Reading Time: 3 minutes

The second year of the Text Analytics Forum took place Washington, DC, last week, and it was good to see the conference building from its first iteration and developing in range.  Tom Reamy, the conference chair and organiser, has shaped this event very much around his view of the text analytics market, and around his book Deep Text (reviewed here).  The event had a great mix of practitioners, users, and an increasing range of solutions were discussed – on which more below.

His view of text analytics is very much an experiential one, based on many assignments with content owners, and has the great value of being thoroughly thought-through, but I think he limits the scope of text analytics in his own presentations rather more than the event as a whole might suggest. Tom is strongly in favour of a rule-based approach, although I tried to show in my presentation that not all analytics problems needed to be solved by rules (and in fact he even suggested himself there were some circumstances where an unsupervised approach works perfectly well).

In his keynote presentation, Tom was very hard on text mining, describing it as “treating words as things rather than understanding them” – but Solr and Elastic Search don’t understand words either, being entirely string-based, and rules are typically dependent on matching strings (and it’s not easy to build a rule that finds “renal” when you search for “kidney”). In any case, text mining can be combined (as UNSILO does) with NLP to provide some meaning-based capability as well, so even if basic text mining is at times meaning-free, it doesn’t mean the result is necessarily inferior to other approaches.

Nor is it true to say that text analytics is primarily auto-classification, since the finding of a peer reviewer for a manuscript of an academic article is not a classification exercise.

But my biggest question was his statement that “deep learning is a dead end in terms of accuracy”, stating it can only reach 60% to 70% accuracy, while rule-based systems could deliver up to 92% accuracy. Such statements as these are meaningless without some description of context, and miss one key point, which is that where a human index is involved in the measurement of a trial, it will inevitably be limited to human agreement – which is rarely above 70%.

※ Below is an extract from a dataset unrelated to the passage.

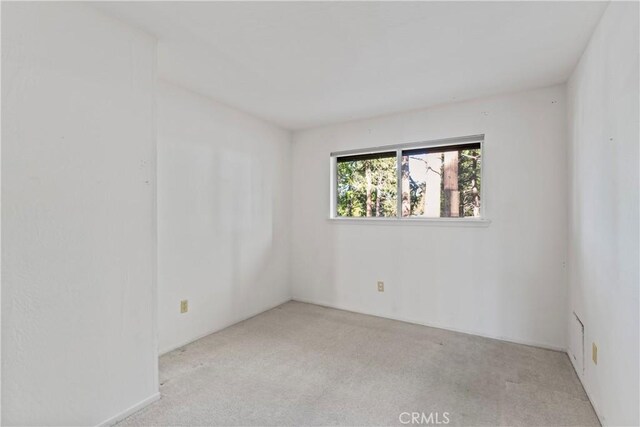 300 Pioneer Rd, Lake Arrowhead, CA 92352 - view of carpeted empty room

The conference itself was admirably wide-ranging, and suggested a number of ways of using text analytics that left everyone at the conference thinking about how they use (or plan to use) this technology. For me, one of the most valuable presentations was not technical at all; it was from the Cognitive Computing Consortium, and showed a simple way of assessing a text analytics application against a number of criteria. Any project could be mapped to a number of sliding scales, such as accuracy or discovery. Key to this visual presentation was the recognition that you could have either one or the other, but moving towards greater accuracy made discovery of necessity more limited. This looks to me like a very simple and effective way of presenting some of the trade-offs from these machine tools. Another useful slogan from Susan Feldman was “no AI without IA”, which I understand to mean there is a very real need for a human managing the AI-based analytics process, to make sure it delivers sensible and effective results. I couldn’t agree more with that.

All in all, an excellent conference, leader (like Tom Reamy’s own book) in a field of its own, and all the more valuable for that. I look forward to next year’s event.